Within the long hundred years spanning from the beginnings of the 12th century to the mid 13th century, eighty cathedrals were initiated in the kingdom of France and its vassal states, and some hundreds more across the rest of Europe, together with thousands of abbeys, monasteries, and churches. In order to build them, tens of thousands of artisans (masons, carpenters, bricklayers, blacksmiths, glassmakers, carriers, etc.) were mobilized. Since 1140 when the the abbot of the powerful Saint-Denis Abbey, the influential Suger, commissioned his anonymous architect the construction of the apse for his new church using wide openings to allow the entry of streams of light, the medieval architects began to experiment with architectonic solutions that would allow opening the heavy and massive walls of the Romanic churches to install increasingly bigger and wider windows.

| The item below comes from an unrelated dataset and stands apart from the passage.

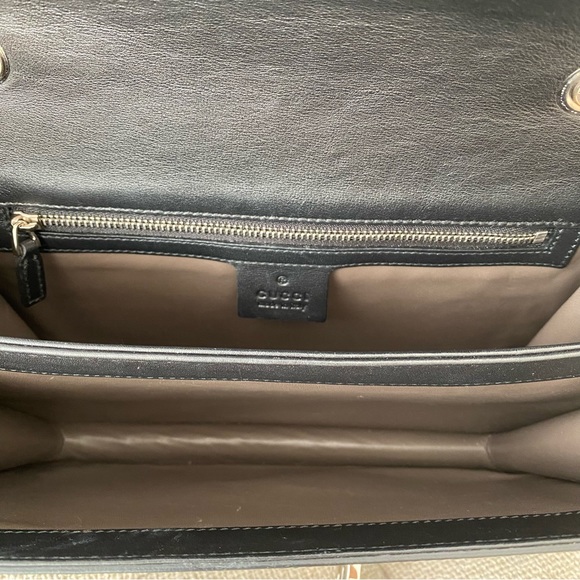 GUCCI GG Interlocking shoulder in black leather Medium size - Picture 10 of 15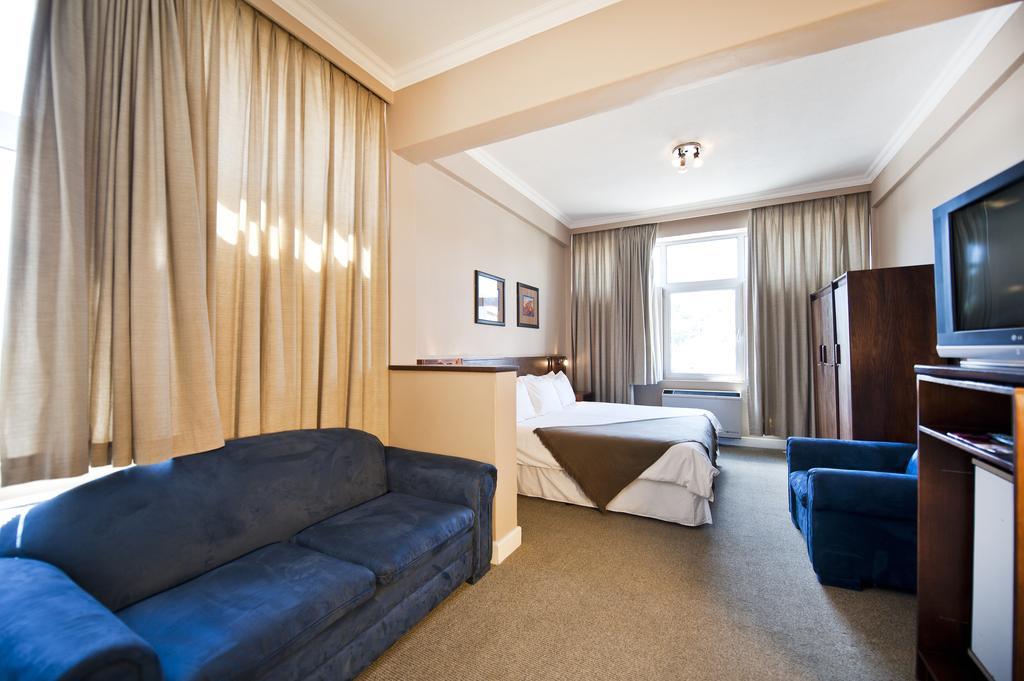 Hotel Thuringerhof Windhoek Bagian luar foto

The writer Paul Claudel (1868-1955), enraptured by the imposing beauty of the Chartres Cathedral, exclaimed the following: "Here is Paradise recovered!". And the truth is that the Chartres Cathedral was indeed conceived as an image of Paradise. It was not by chance, because at least since the 10th century Chartres had a great school, in which at the beginning of the 12th century the great Bernard of Chartres was master. He was the author of the famous quote "We are are like dwarves perched on the shoulders of giants". That same school was also the training ground of John of Salisbury (1115-1178) who was author of Polycraticus, the first first medieval treatise on civil power, and who became Bishop of the city.

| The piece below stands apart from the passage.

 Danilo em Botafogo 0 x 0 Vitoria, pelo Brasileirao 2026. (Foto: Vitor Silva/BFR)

A not proven tradition claims that the constructors of the gothic cathedrals called themselves "the children of Solomon"; and there are definitely a few miniatures dating from the 13th century that represent the Temple of Solomon as a golden gothic cathedral. That was precisely the intention when Gothic art was created. The demons flee from light because light comes from God. in the book of Genesis it is written that the Lord ordered to let there be light, and there was light. The Lord ended the darkness the wrapped the universe, and Christ defeated the demon whose purpose is no other than ending the light that redeems man's sins. And the Cathedral of Chartres is one of its most brilliant examples.